EXERCISE DATA:
-*-

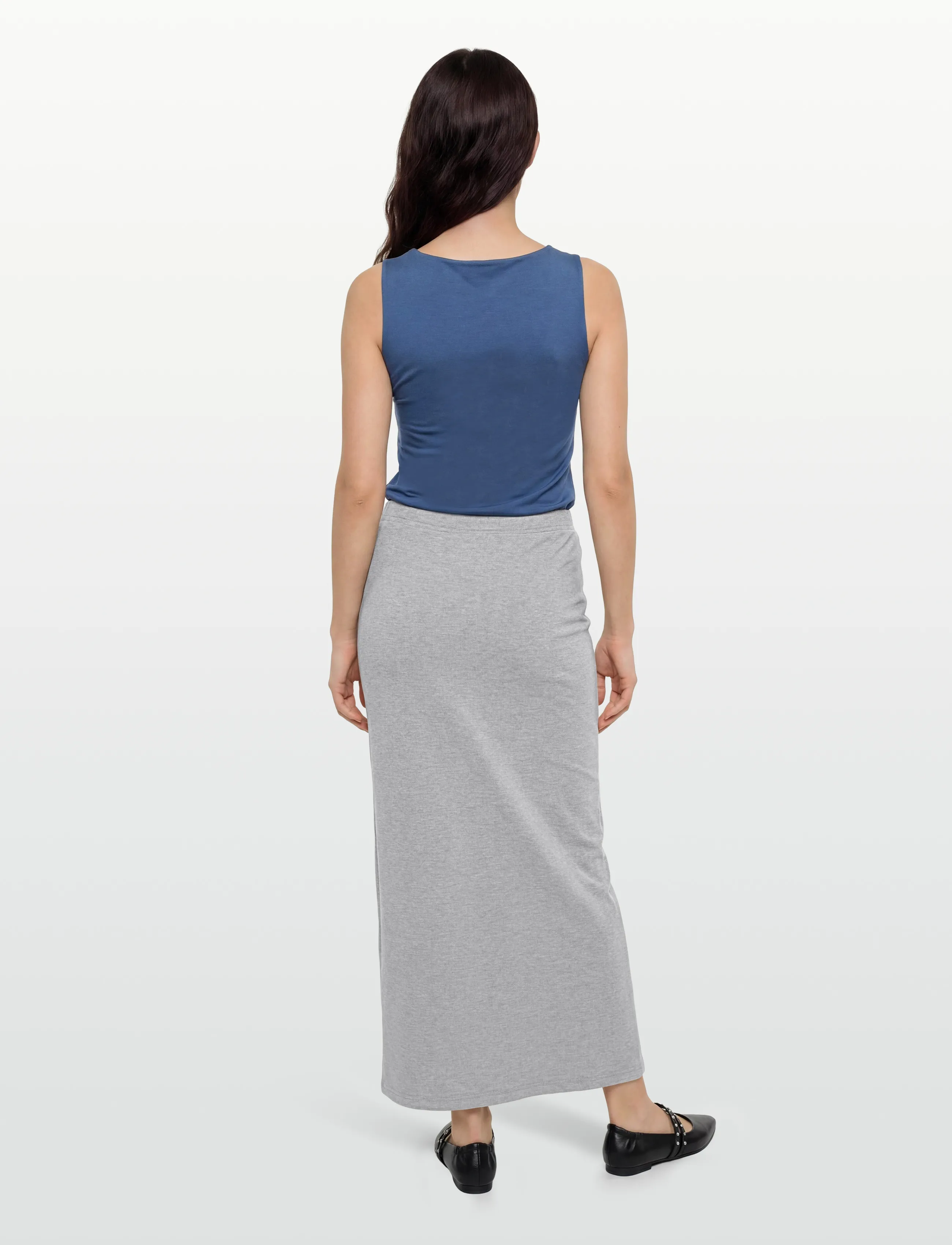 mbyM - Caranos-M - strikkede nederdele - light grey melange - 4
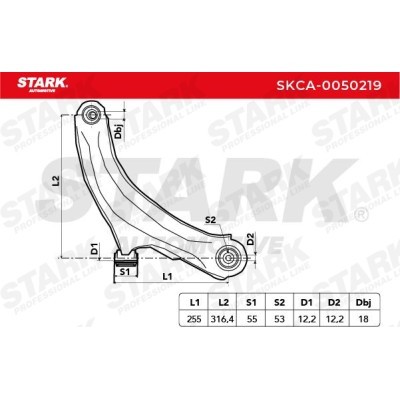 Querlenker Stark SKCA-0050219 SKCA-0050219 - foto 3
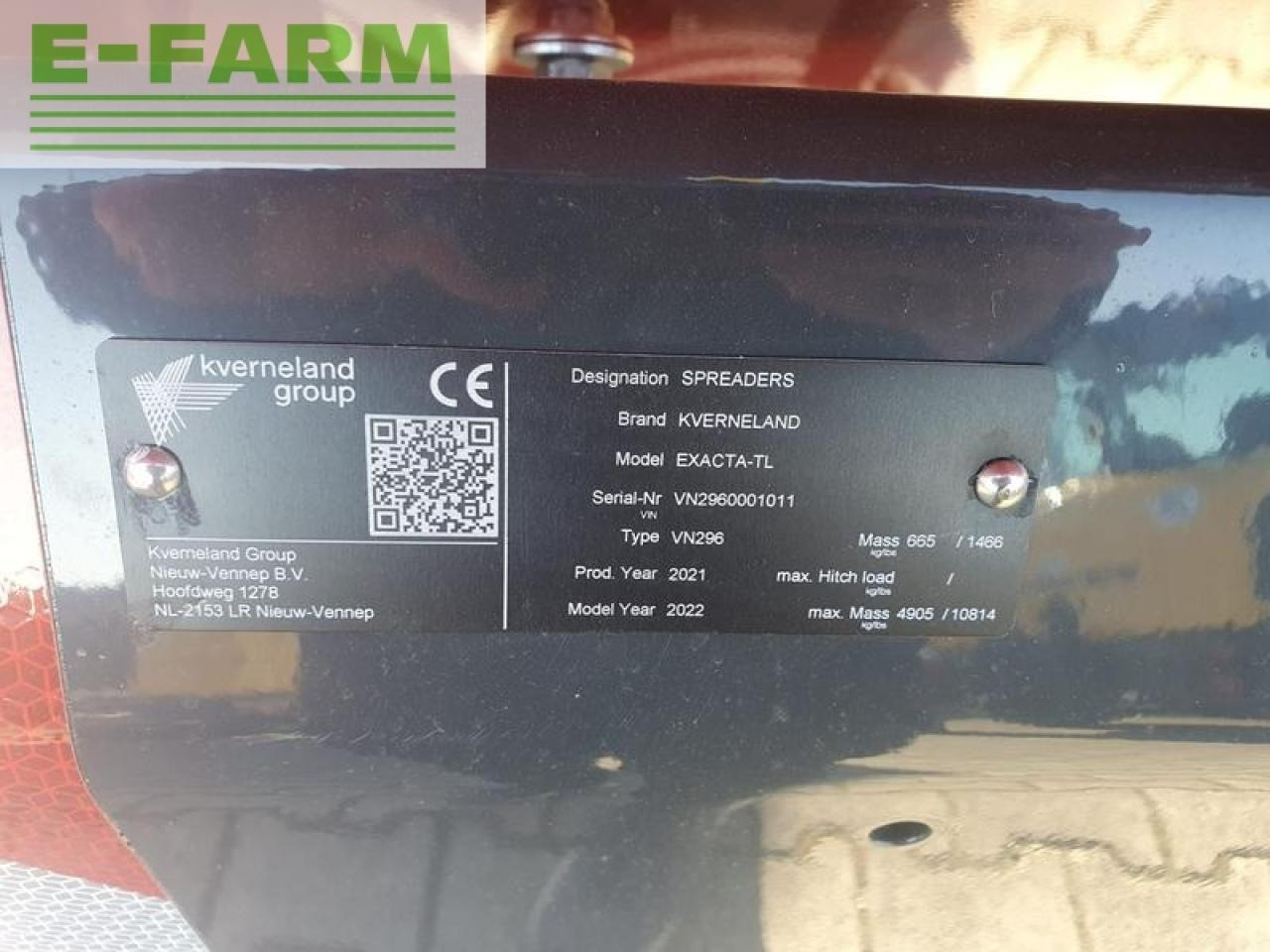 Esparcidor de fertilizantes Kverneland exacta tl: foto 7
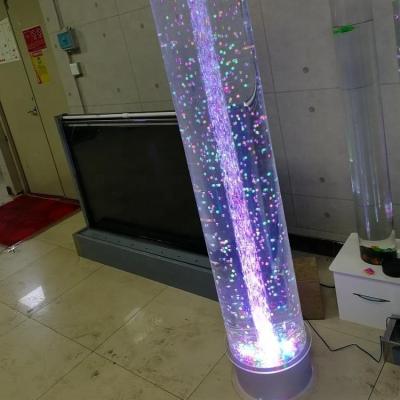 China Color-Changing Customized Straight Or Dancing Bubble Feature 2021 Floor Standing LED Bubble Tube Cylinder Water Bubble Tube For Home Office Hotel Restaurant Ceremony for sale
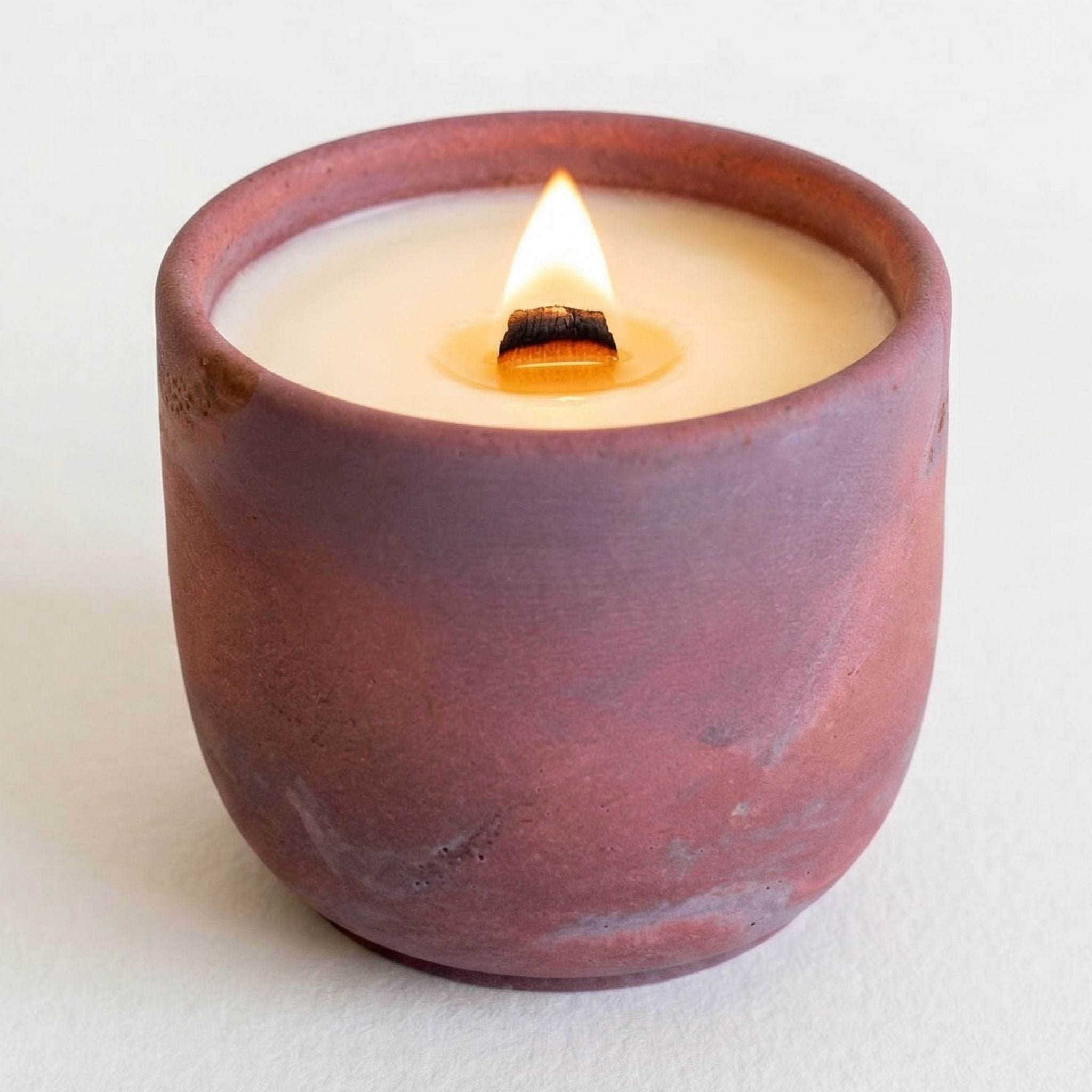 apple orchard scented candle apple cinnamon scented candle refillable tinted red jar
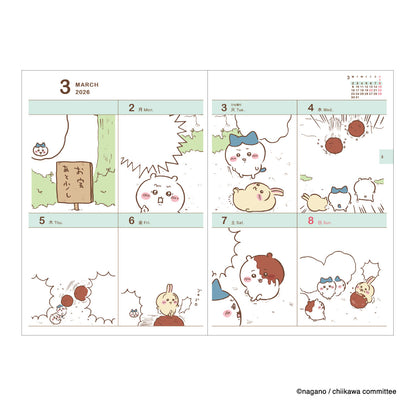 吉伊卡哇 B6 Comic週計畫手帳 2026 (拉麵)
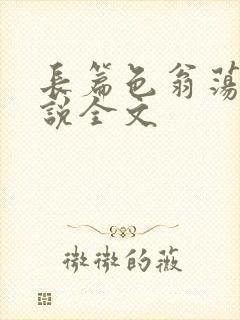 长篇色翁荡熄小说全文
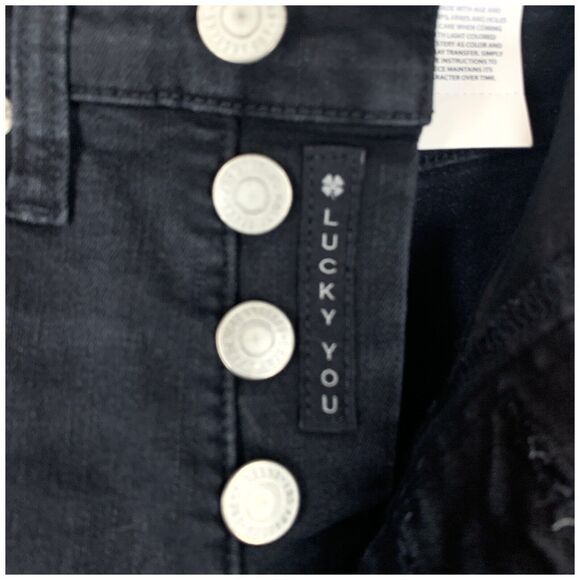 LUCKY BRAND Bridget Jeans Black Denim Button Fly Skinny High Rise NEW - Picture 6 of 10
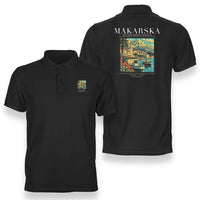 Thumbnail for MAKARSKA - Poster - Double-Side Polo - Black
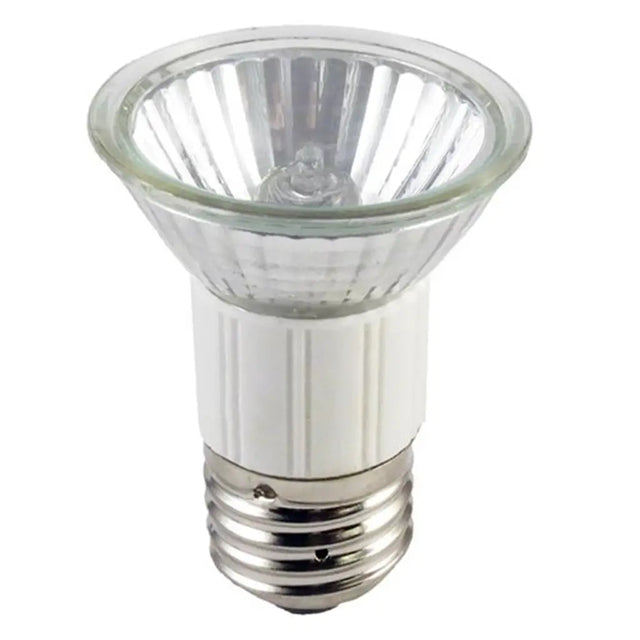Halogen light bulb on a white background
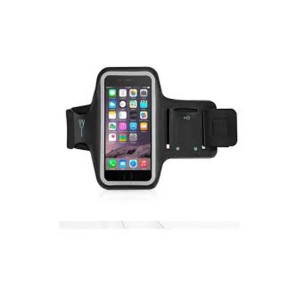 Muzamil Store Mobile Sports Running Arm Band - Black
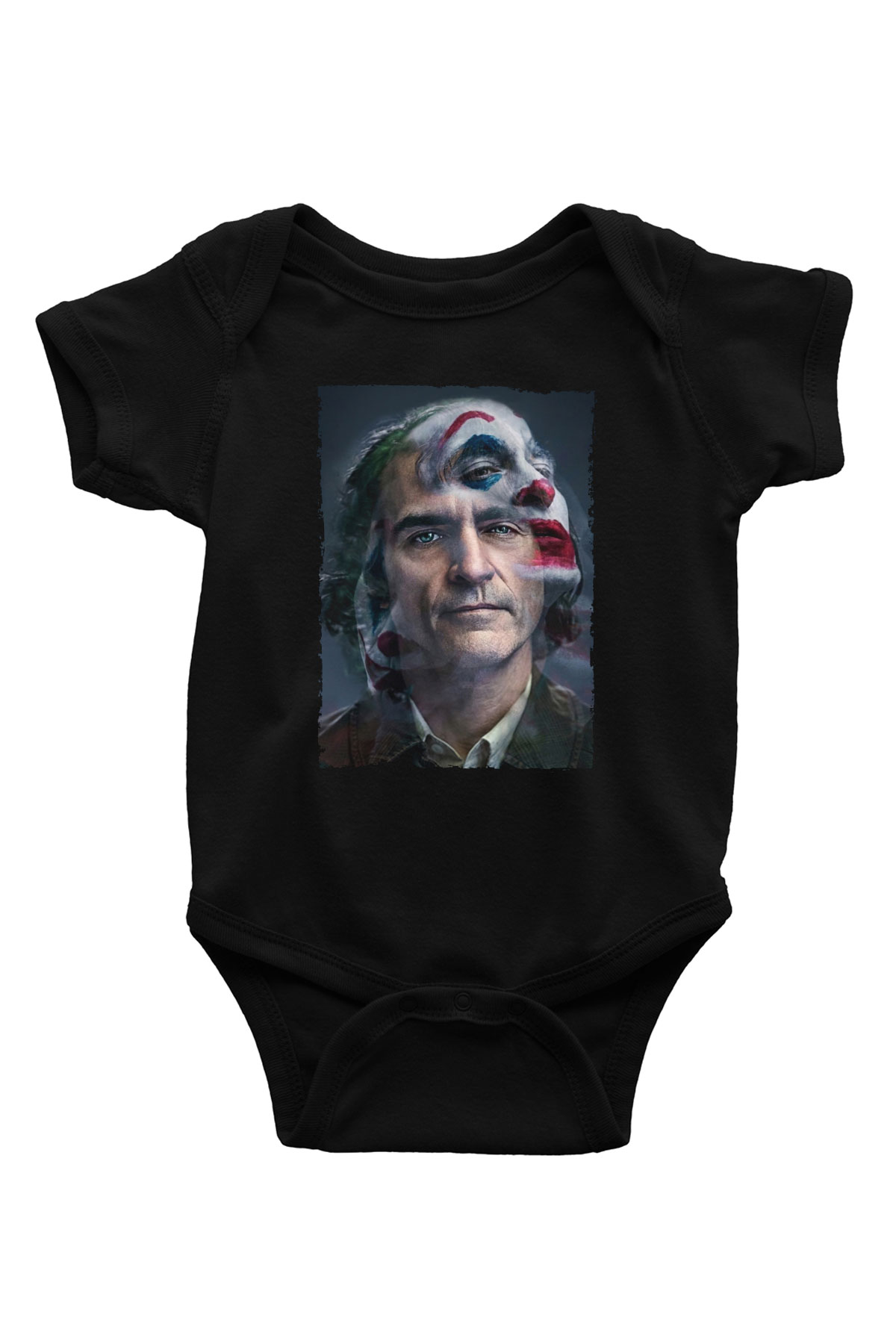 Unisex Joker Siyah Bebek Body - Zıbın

-*-

TASK INSTRUCTIONS:
Restate the records in full and word for word, but keep the pictures out.

ANSWER TO THIS PROBLEM:
 mbyM - Caranos-M - strikkede nederdele - light grey melange - 4
 Querlenker Stark SKCA-0050219 SKCA-0050219 - foto 3
 Esparcidor de fertilizantes Kverneland exacta tl: foto 7
 China Color-Changing Customized Straight Or Dancing Bubble Feature 2021 Floor Standing LED Bubble Tube Cylinder Water Bubble Tube For Home Office Hotel Restaurant Ceremony for sale
 apple orchard scented candle apple cinnamon scented candle refillable tinted red jar
 吉伊卡哇 B6 Comic週計畫手帳 2026 (拉麵)
 长篇色翁荡熄小说全文
 LUCKY BRAND Bridget Jeans Black Denim Button Fly Skinny High Rise NEW - Picture 6 of 10
 Thumbnail for MAKARSKA - Poster - Double-Side Polo - Black
Halogen light bulb on a white background
 Muzamil Store Mobile Sports Running Arm Band - Black
 Unisex Joker Siyah Bebek Body - Zıbın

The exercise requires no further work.